I’m also not really of the opinion that university should be free to begin with. We obviously need to pay for these institutions. We’re in a place of higher learning. I’d like to think that us having to pay for school ensures that we don’t take it for granted. That’s not to say that I think it should be a prestigious place that turns its back on lower-income families. But, school should be affordable, not free.
It isn’t just this plan that’s the issue, obviously. UTM has been a cash cow ever since I came here. I need to pay to see my transcript? Awesome. Let me work my ass off to keep up my grades, and then charge me a fee to see the paperwork. Charge us a fee when we need to apply to graduate school. We also need to pay a fee to see our exam? We needed to pay to have our exams remarked? We pay hundreds a year for textbooks that get bought back for, what? Thirty cents? My personal favourite is how the bookstore can’t even be bothered to keep the shelves stocked with books for my classes, and I need to go somewhere else to buy them. We also pay the student unions a criminal amount. Frankly, I’m surprised that we don’t get charged fees to use the washrooms around here.
Millennials will already have a hard enough time to support ourselves once we graduate. How many of us still live with our parents so we can try and raise money for a house or even an apartment? Even then, moving into an apartment isn’t even a feasible option for many that I’ve spoken to, because they want to live in something that they own. This means hanging around at home, trying to pay off their thousands of dollars’ worth of debt, and trying to save up for a house at the same time.
Friends of mine have had to take time off in the middle of their studies to work for a year so they would have enough money to come back here. It’s ridiculous that the government decided to get off their ass and do something about this now when thousands of us are already drowning in debt. Why does it take this long for them to do something that benefits us? It’s not like student debt is a new problem that popped up in the past few years. Wynne and her team have been watching us crumble under our debt and watching us fend for ourselves once we leave our institutions. And hey, 30 percent off of our overall tuition fees is a start, but it sure as hell isn’t a free ride. For some of us, 30 percent doesn’t even cover one year of our studies, let alone all four or five of them.

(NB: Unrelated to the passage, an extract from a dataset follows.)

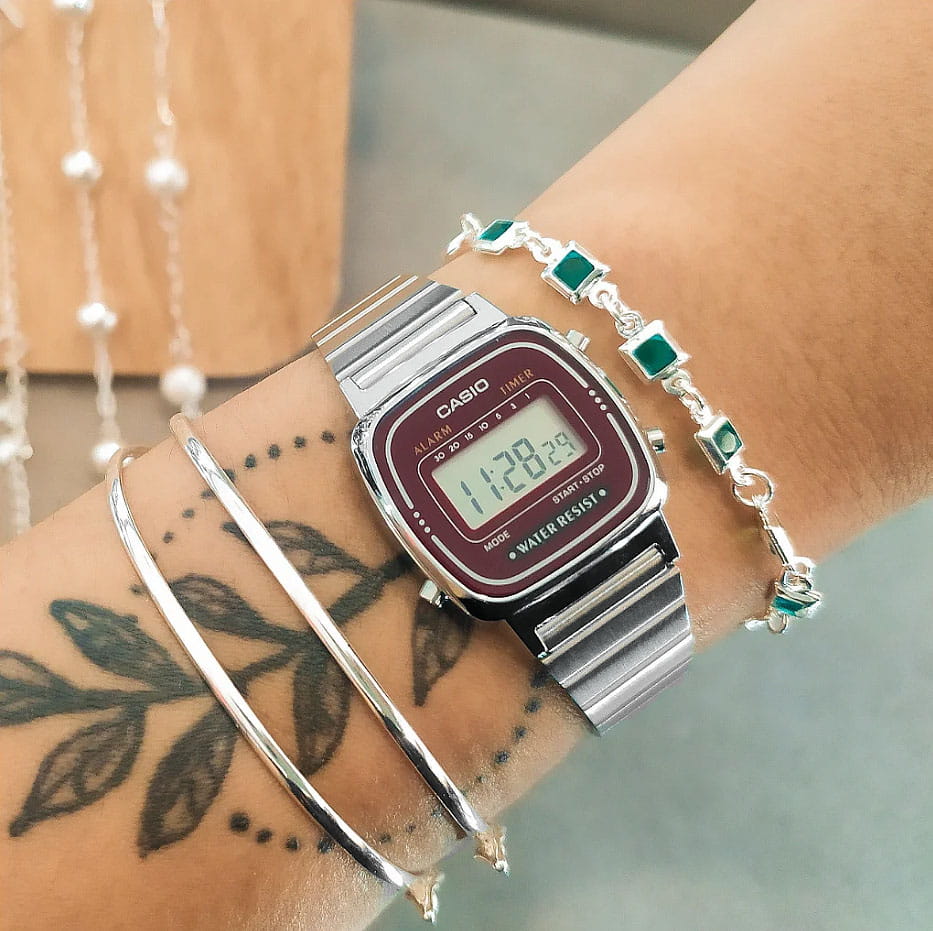 Casio Casio Vintage LA670WA-4DF , наручные женские часы фото под углом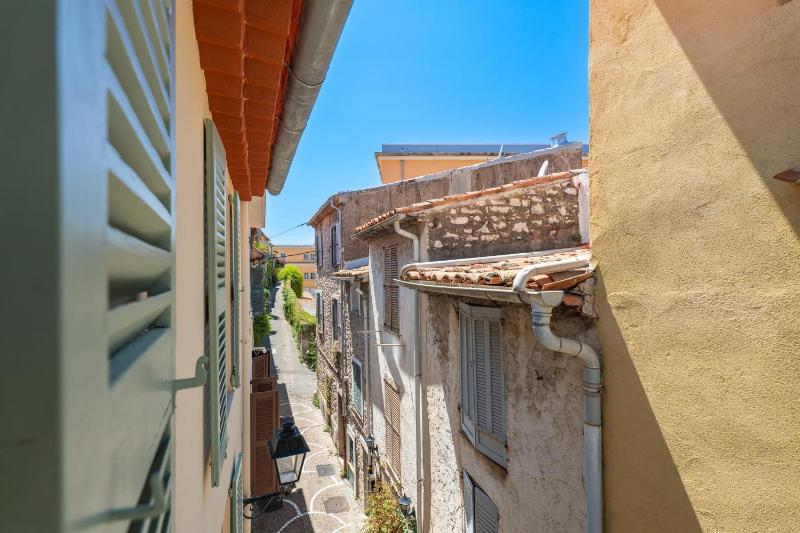 Viel Antibes - T2 rénové & cosy - image 8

You can also throw millennials into the job market and watch how long it takes for them to find a job —let alone a job that will aid in paying off their debt in addition to supporting them. Sure, students may not have to pay off their debt until they’re earning a certain amount, but when their tuition fees soar past their paycheque, there’s a problem.
I don’t want this to sound like these students are undeserving of this opportunity. It’s just my opinion that universities or colleges shouldn’t be free entirely. That doesn’t mean we should be charged $20 for breathing on the property either. This initiative welcomed by Wynne and her team isn’t a good solution for everyone. This plan of hers has inevitably left many students behind in the hopes of appeasing incoming students. Calling for free tuition isn’t the answer either because our fees do aid in keeping these places alive.
I’m not saying that I have the definitive answer, I’m just saying that Wynne’s answer has successfully ignored many of us who have been struggling for years. It will ignore those of us who will continue to struggle when we leave our schools. I think I’m justified in feeling like I’ve been shafted. I could have used free tuition too. The majority of students who graduated before me or will graduate with me could have used it too. These students deserve affordable education, but there isn’t a student that deserves it more than someone else. Where the hell was this opportunity when the rest of us were calling for it?